Why is Argos using hackathons and what’s next for the evolving retailer? PCR interviews head of digital innovation Neil Tinegate (pictured).
Argos launched a couple of apps recently – a 2014 Christmas Gift Finder swipe-to-like shopping web app, and a Christmas Wish List app that lets kids choose their most-wanted presents, before emailing it to Santa (allowing their parents to buy said items).
While these are useful apps that serve a purpose for consumers, they weren’t created by conventional means.
Back in March, Argos ran a hackathon in its office above one of its new digital concept stores in Victoria, London. 50 people turned up – developers, techy types and others – from Argos, as well as start ups, and the likes of Google, Paypal and Argos’ tech partner Accenture.
“They did it out of the goodness of their hearts and because they want to make stuff happen,” Argos’ head of digital innovation Neil Tinegate tells PCR.
“We started off with one question – how can we improve the customer experience digitally? We had a lot of ideas up on that wall over there – tons of post-it notes. We had different categories and areas, and some kids came up.
“We asked, how can we replicate some of those experiences you have as a child with the Argos catalogue? For example, tearing out pages and circling products, for example. There was a bunch of other stuff too – fulfillment and customer service etc.
“Everyone got to vote for what their favourite idea was – we had 22 ideas and picked the top eight to work on over those two days. Then everyone got split into teams – they didn’t know each other beforehand.
Argos’ digital hub where it hosts hackathons
“So we got eight prototypes. We did a show and tell that had a bit of a competitive edge. We offered some silly prizes for those who wrote the most lines of code or travelled the furthest, for example, and a big bottle of champagne for the winners, so it was a fun idea.”
The winning idea was for the Argos Christmas Wish List app for kids, which was was released on October 14th and its download numbers have passed five figures. It has a dwell time of almost 15 minutes, with open and click rates at around 50 to 60 per cent.
Tinegate says the hackathons have encouraged other parts of Argos to work differently, smarter and with a digital focus.
And this digital transformation has come from the top. Tinegate was brought in by Argos’ chief digital officer Bertrand Bodson, who himself was originally hired by Argos’ parent Home Retail Group CEO John Walden.
“This hackathon is part of a cultural shift – a change going on at Argos behind the scenes. Now we’re starting to show some of the front end of that change. The ad campaign, the new stores, the app. They’re all joined together,” adds Tinegate.
“From all areas of the business, we’re saying, actually we should get a team together and spin off some prototypes, and make things happen a bit quicker. And that’s what it’s all about.

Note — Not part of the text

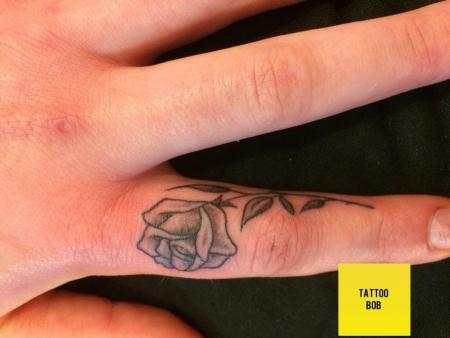 roos vinger tattoo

“We want to do quick turnarounds on prototypes and get them in front of customers. So we actually go downstairs show prototypes to customers in-store, or we’ll ask them to come up here. The same with store colleagues – we’ll get them involved too. So that ethos and culture is what this office is about, and it’s been picked up quite a lot by the rest of Argos.”
Argos Hackathon March 2014 from Double8 Moving Pictures on Vimeo
“Other [ideas from the hackathon] have ended up in other projects, too.
“So we did this hackathon in March with coders and prototypes, but there was also a business leadership one in July. We took 200 managers out of the business for a day and they were given a series of business problems, it was about understanding agile ways of working and how multifunctional teams can come together. We purposefully mixed people from finance, marketing, logistics etc and said ‘okay, six of you, go and solve this business problem’.
Argos’ training team did a similar event, too, as did its digital marketing team. Argos is also planning another hackathon in February/March 2015.
Are we going to see more big companies and large national retailers embracing edgy and innovative hackathons? Are Argos’ rivals like to produce similar apps?
“Yep and that’s the thing with digital – it’s copyable,” Tinegate admits. “I think what we’ve got though is 40 years of experience in creating catalogues and something that kids and families already traditionally use at Christmas. It’s basically what we’re doing with the kids’ app – the creative element of circling toys and pulling bits out and creating a wishlist. I think we’ve certainly stolen a march on [rival retailers]. I’d be flattered if they copy it. I think we can probably do a bit better.
“But because it’s already done very well on the soft launch, could we do something similar? Could it become a birthdays wish list? Could we move towards doing other types of wish lists – not just for kids? So we’re encouraged by the numbers, we definitely want to learn from it and take those learnings into other things.
“I think next Christmas we’ll come back with something like this, but we will have learnt and improved it. It’s part of that learning culture, it’s never quite finished, you’ve always got something to improve on.”
Argos has certainly moved on leaps and bounds over the past few years, with a strong digital focus, tablet catalogues in stores and a drive towards online sales.
With its emphasis on exploring new digital content and themes through hackathons and unconventional means, who knows how Argos could help shape the future of retail going forwards.